From Student to Study Coach — How to Teach to Learn
- Jessica Waugh
- Jul 28
- 3 min read
Why Teaching Others Is One of the Best Study Tools You’re Not Using Yet
If you think you need to master something before you teach it, think again.
One of the most effective ways to retain what you're learning, build confidence, and identify gaps in understanding is to start teaching — even before you feel fully ready.
This isn’t about perfection. It’s about practice. And when you teach, you become the biggest beneficiary.
Why Teaching Works as a Study Tool
There’s a powerful shift that happens when you go from passive learner to active explainer.

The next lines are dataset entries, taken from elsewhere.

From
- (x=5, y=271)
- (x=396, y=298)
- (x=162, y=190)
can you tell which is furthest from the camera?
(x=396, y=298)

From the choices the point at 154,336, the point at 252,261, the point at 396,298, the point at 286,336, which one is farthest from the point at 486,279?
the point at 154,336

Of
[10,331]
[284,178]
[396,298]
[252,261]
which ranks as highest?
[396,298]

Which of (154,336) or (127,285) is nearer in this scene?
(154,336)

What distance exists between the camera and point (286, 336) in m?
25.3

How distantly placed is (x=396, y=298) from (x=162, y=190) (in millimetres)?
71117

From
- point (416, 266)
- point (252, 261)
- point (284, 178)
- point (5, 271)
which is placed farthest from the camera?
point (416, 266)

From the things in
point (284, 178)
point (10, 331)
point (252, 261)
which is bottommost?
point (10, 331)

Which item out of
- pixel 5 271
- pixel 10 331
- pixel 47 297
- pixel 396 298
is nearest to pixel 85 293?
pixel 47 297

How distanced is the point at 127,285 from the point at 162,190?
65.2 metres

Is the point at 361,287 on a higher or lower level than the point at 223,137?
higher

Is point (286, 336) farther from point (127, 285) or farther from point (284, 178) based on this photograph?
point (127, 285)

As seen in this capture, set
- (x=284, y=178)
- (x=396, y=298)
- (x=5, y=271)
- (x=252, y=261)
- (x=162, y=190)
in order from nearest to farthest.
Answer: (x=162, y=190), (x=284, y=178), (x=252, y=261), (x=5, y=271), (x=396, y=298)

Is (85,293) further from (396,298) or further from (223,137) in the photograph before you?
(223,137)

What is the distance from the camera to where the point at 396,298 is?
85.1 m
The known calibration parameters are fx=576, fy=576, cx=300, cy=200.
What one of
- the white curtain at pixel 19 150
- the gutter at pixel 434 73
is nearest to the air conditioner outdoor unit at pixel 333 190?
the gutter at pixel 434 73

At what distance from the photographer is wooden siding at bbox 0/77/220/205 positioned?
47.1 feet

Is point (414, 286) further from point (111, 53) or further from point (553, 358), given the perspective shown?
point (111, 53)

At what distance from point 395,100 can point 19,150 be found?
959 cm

Suddenly, it’s not enough to sort of understand a concept — you need to know it well enough to say it out loud, in your own words, and maybe even field a few questions.

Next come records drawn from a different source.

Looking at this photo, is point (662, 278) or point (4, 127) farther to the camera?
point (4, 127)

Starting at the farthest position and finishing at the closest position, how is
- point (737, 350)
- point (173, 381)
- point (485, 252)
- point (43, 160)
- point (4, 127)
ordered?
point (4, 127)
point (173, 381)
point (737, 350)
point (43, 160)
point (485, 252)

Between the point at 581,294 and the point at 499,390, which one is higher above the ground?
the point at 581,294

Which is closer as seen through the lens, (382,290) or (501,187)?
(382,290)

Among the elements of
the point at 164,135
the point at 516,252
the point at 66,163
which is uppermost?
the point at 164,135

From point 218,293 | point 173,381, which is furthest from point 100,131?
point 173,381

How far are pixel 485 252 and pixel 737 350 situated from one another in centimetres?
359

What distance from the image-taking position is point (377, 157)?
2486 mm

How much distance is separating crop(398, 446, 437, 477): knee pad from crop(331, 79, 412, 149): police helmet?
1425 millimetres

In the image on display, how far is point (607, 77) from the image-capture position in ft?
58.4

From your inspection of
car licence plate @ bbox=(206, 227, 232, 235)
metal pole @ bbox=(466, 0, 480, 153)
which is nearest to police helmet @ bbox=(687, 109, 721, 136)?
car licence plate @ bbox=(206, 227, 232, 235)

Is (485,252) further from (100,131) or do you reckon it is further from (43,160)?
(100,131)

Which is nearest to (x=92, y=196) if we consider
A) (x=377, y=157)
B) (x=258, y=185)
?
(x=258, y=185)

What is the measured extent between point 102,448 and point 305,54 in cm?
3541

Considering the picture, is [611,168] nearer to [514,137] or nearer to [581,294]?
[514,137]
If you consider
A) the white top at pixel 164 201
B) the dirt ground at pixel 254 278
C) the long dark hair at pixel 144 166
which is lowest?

Here’s what that process activates:
Active recall — you’re pulling knowledge from memory, not reviewing notes
Deeper encoding — explaining requires reorganizing and reinforcing what you know
Clarity over confusion — you find gaps faster when you try to articulate the full picture
Confidence — the more you teach, the more capable you feel
My Journey: From Couch Cushions to Director of Education
When I was studying for my exams, I used to line up my couch pillows and teach them as if they were students. It may have looked silly, but it forced me to say things out loud, which made a huge difference in what I retained.
Eventually, I started teaching small sessions to my team at the restaurant. That experience snowballed into something much bigger and I later became the Director of Education for SGWS Nevada.
What I learned was this: When you teach something, you study it more intentionally. You want to feel ready. You don’t want to get caught without an answer. (Although spoiler, you will. And it’s totally fine to say, “Great question, I’ll get back to you.”)
But that little pressure? It’s actually a gift.
It pushes you to go deeper, be clearer, and remember longer.
How to Use Teaching to Lock in Your Learning
Here are some simple ways to start teaching — no certification required:
Explain to your couch pillows (yes, really)
Talk through flashcards out loud instead of just flipping them
Pretend you're training a new staff member and walk them through a wine list
Use a whiteboard or notebook to sketch out concepts as if you were leading a class
Record a short voice memo of you explaining a region or tasting structure
Teach in a study group — take turns presenting topics or quizzing each other
Go live on social media and explain one concept in 3 minutes
Apply to teach a free session on a platform like Education Exchange to share what you’re learning and build community
Teaching doesn’t have to mean knowing everything.
It means sharing what you’re learning, out loud, in your own words.
From Student to Study Coach: Final Thoughts
You don’t need permission to teach what you’re learning.
You just need the willingness to speak it, explain it, and share it.
When you do, you’ll retain more. You’ll feel more confident. And you’ll build the kind of study habit that sticks — not because you’re memorizing harder, but because you’re engaging deeper.
So teach it to your pillows. Teach it to your pet. Teach it to your Instagram followers. Teach it to your study group.
And teach it to remember — because your brain learns by doing.